The cabin arrived. Three little words, but a sea-shift in life.
I drove back to New York on Sunday, and in the last hour hit a ridiculous storm. I reached Ithaca just as drenching rains flooded Highway 13, washing out driveways and leaving homes evacuated.
Honestly, I expected the worst. Why not? But my drive and pad were all intact, and so delivery went off as planned. “You're the only job today,” the guy said. “Everyone else had to cancel.” It always amazes me how destructive water can be.
The frame came in on a truck, but then they used an ingenuous hydraulic “mule” to bring it up the hill and onto the site. I cannot overstate how tight the fit was – they'd given me measurements, I cleared the land, the excavation guy measured, a final site check had been done, and it was still a matter of inches. Twice someone had to pull back small trees to get the final inch needed to squeeze by.

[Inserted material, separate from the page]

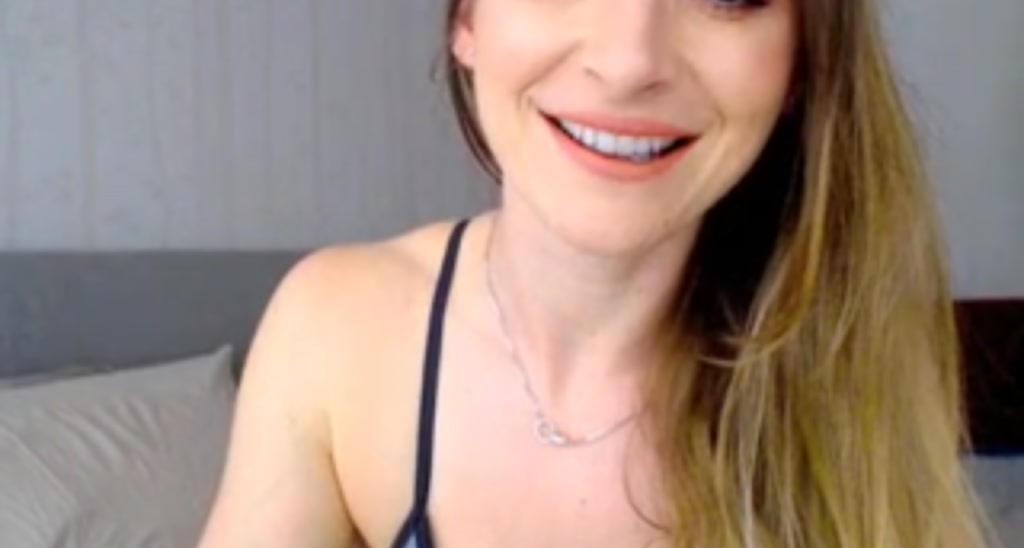 Sarah_Louise_ video thumbnail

I don't know if that's luck or skill.
I moved in immediately. Not wholly, but after months of other people's apartments, couches, cots, basements and the van, living in the shell of my own cabin sounded like paradise. Add in a couple of solar panels and a 400-pound picnic table I got for free on CraigsList, and you've got a home.
It's hard to wrap my head around. Months of planning, months of thinking and making decisions and letting ideas evolve, and the final result has manifested as a little cabin in the woods. I'm 10 miles from town, without a single turn.
Washington had 500,000 people in 64 square miles. Hector has about 1,000 people, but it doesn't even matter since my nearest neighbor is undeveloped farmland.
Right now there's a lazy cat asleep inside, and I can hear a tractor in the distance, birds, and wind rustling the leaves. Looking back, I could never have predicted this moment. Not two years ago, but not even six months ago.
I used to go through life making as few decisions as possible. And honestly, it worked. Set a good path and just move in that direction. Water follows the path of least resistance. But I've changed my philosophy on that. Now I make as many decisions as I can. Doesn't work? Change it up. I used to go on faith, but now I work on the law of averages.
I'd say it's a lot like poker, but in reality it's a lot like everything. Make your best decision, over and over, and you will gravitate to your own true north.